Exactly one month ago one of my travel fantasies was finally coming true and, like most fantasies, it was even better in reality. In my fantasy, Lisbon would be fabulous. In reality, it was love at first sight. Not the irrational, life-changing love story I had with Warsaw but rather the kind of intense summer fling which you assume will be over come fall. And then, by the end of summer, you realize you've been blown to pieces and it's the only thing on your mind. I can only hope there is not a limited amount of love when it comes to cities, otherwise I think I might have spent mine on Warsaw and Lisbon.
The city is relaxed and joyful like a perpetual vacation, cheerful without being annoying and user-friendly without being too organized, filled with small, family-owned restaurants and bars where after half an hour you feel like home, cakes are decadent and fruit tastes like real fruit, the shops are still open after midnight and so are some of the art galleries, men are incredibly cute and incredibly friendly, a world of adventures opens here and an amazing sailing history is there to prove it, yet there's a sweet sadness to it, a kind of resignation from something I couldn't really grasp, much like a woman who's aged gracefully but lost her beauty, walking barefoot in the narrow streets of Bairro Alto and singing her heartbreaking fado.
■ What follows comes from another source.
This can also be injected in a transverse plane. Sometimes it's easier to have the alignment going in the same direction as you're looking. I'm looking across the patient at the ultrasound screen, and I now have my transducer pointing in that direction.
I've had a thing for Portuguese writers a long time before having a thing for Lisbon or for the language. And so this trip was the perfect opportunity to have lunch with one of my favorite characters in the history of literature. Needless to say, all of his heteronyms were there.

On my way back from the Fernando Pessoa Memorial House, I was pleasantly surprised to discover this in a station of the metro:

And a few days later, at the train station in Porto:

But the most amazing thing happened one lazy afternoon near the monument celebrating Henry the Navigator, Vasco da Gama, Pedro Alvares Cabral and other navigators who played an essential role in Portuguese maritime discoveries.

In a city filled with the presence of some of the men I admire most, in the place where adventures and discoveries started, I realized just how much I missed home, and just how at home I felt in Warsaw. It was the first time ever that I was in a new city which I happened to be fascinated with and still had the feeling there was something missing. I also believe it was the first time I missed home, a feeling so new and strange it was almost shocking. I've always missed people, I've missed places, too, but I've never missed home. I think I've become faithful without even noticing it. Acknowledging this change is one thing, dealing with it is something I'm not ready for, at least not until I've sailed my very own, fictional seven seas.